6) Bitcoin doesn't scale. Bitcoin doesn't need to scale because starting next month Bitcoin users will not even know they are using the Cardano blockchain for transactions through the BOS Grail bridge.
This was announced last year and the demo is being shown in a few days this May.
7) We're still dependent on Bitcoin miners. Well, duh. Like the internet, the hash-rate (Bitcoin's total computational power) is distributed among the miners. This argument is like saying, you cannot have peer to peer interactions over the internet because it requires the internet! Even your own reflection about this argument show you know it is a
non sequitur.
8) The whales have already cashed out. Long-term holders (LTH) are entities that have kept their BTC dormant for at least 155 days and their numbers continue to increase while total Bitcoin sitting on exchanges continues to be drawn down. This means there is less supply in the face of steady demand and if we have a demand shock (which is expected as soon as more nation states officially begin accumulating Bitcoin reserves), Bitcoin's spot price is expected to rise.
9) Bitcoin and the Greater Fool Theory (GFT), market bubbles, et el. For those reading along The Greater Fool Theory suggests that the price of Bitcoin, like other speculative assets, is driven by the belief that someone else (a "greater fool") will pay a higher price for it in the future, rather than its intrinsic value. This theory highlights the risks of investing in Bitcoin, as its value can be highly volatile and dependent on market sentiment rather than fundamental worth.

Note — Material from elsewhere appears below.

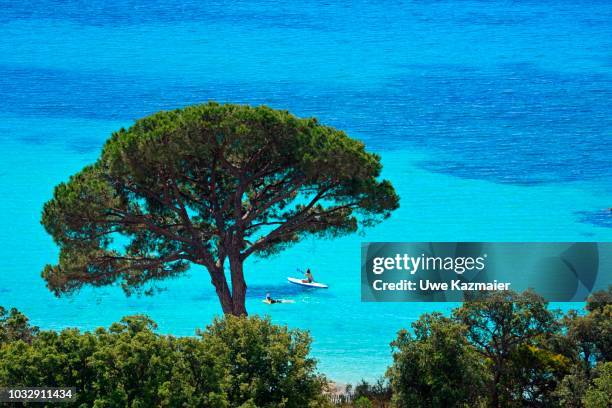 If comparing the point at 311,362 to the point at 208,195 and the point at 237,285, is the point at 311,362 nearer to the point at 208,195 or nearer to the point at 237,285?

It is increasingly hard to maintain the GTF theory in light that more and more people, institutions, companies, municipalities, states, and nations interest in accumulating Bitcoin has steadily increased over Bitcoin's now 16-year existence. Moreover, it is hard to maintain GTF in light that Bitcoin's continued adoption is a global phenomenon that includes all strata of class and cultures throughout the world. Furthermore, it is difficult to maintain GTF that more and more of those buyers of Bitcoin are becoming long term hodlers of Bitcoin, meaning they aren't just buying with a get rich quick mindset but have a long-term or eternal mindset of holding Bitcoin (the "Never sell your Bitcoin" mantra, cf. see the video below as to how Bitcoin is beginning to be used for generating more wealth with the introduction of Bitcoin-backed bonds).
As you have previously noted, for long term holders, volatility and chaos of Bitcoin pricing is a
feature that allows further accumulation at lower costs. Fluctuations in Bitcoin pricing (referred to as the "underlying") is a gift in the options market
trading the Greeks and one of the reason's companies like $MSTR have exploded in market cap because of their options market size and not just because of increased investor interest in the underlying equity and bonds.
But hey, perhaps in the years to come the world will one day realize that Bitcoin was a losing bet as our history is replete with institutions, cultures, and ideas that dried up on the vine and were cut off, but if such a time does come to pass, that time is not yet.